The University of Northampton is building a new £330m campus on a 55-acre site that previously housed Nunn Mills coal-fired power station and an Avon Cosmetics factory.
Specialist contractor Hydrock bought new earthmoving machinery to carry out the land remediation for the scheme from its Doosan dealer, Kellands.
The first phase of the project, now complete, involved land remediation where the power station stood. Hydrock is now working on the second phase remediation works on the former Avon Cosmetics manufacturing site. As well as remediation, this phase has included breaking up of the extensive concrete slab areas that formed the base and foundations of the old factory, together with excavation, removal of underground hard structures and turning over of the made ground.
Hydrock has a new DA30 articulated dump truck (ADT) and DL350-3 wheeled loader working alongside new Doosan DX225LC-3, DX300LC-3 and DX420LC-3 excavators. Hydrock also has DL300 wheeled loaders that it already owned and a DX300LC excavator working on the Northampton site.
Commercial manager Jacqueline Vargo says: “We began purchasing our own plant in 2009 and we bought our first Doosan product, a DX300LC excavator, in 2010 for a project in Bath and today the majority of our fleet is Doosan equipment supplied by Kellands. The new DX420LC-3 excavator, DL350-3 wheel loader and DA30 ADT are the latest additions to the fleet of Doosan products we have working on the Northampton contract.”
Senior site manager Graham Bean adds: “All the Doosan equipment is of the highest quality and performing well for us. In particular, the latest generation of Doosan excavators has a strong and robust design, with sturdy undercarriages providing excellent stability for all the types of work we undertake.
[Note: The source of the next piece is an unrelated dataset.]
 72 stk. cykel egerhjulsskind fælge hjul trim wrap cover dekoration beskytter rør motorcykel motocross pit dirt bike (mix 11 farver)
I have also found that the new Doosan machines are faster than the excavators we have previously worked with.”
Wherever possible, materials generated by the second phase works in Northampton are screened and sorted for reuse on site, including the placement of engineered fill to form the development platforms.
Overall, in preparation for later phases of works, Hydrock will import 30,000m3 of fill material under the CL:AIRE Definition of Waste: Development Industry Code of Practice from a variety of other projects around the local area. This has brought additional sustainability benefits both to the campus project and neighbouring sites that were otherwise sending the material to landfill.
The university site has also posed ecological challenges for the Hydrock team, as seven rare orchids have required relocation as well as the controlled opening, inspection and then sealing of a void suspected to contain bats.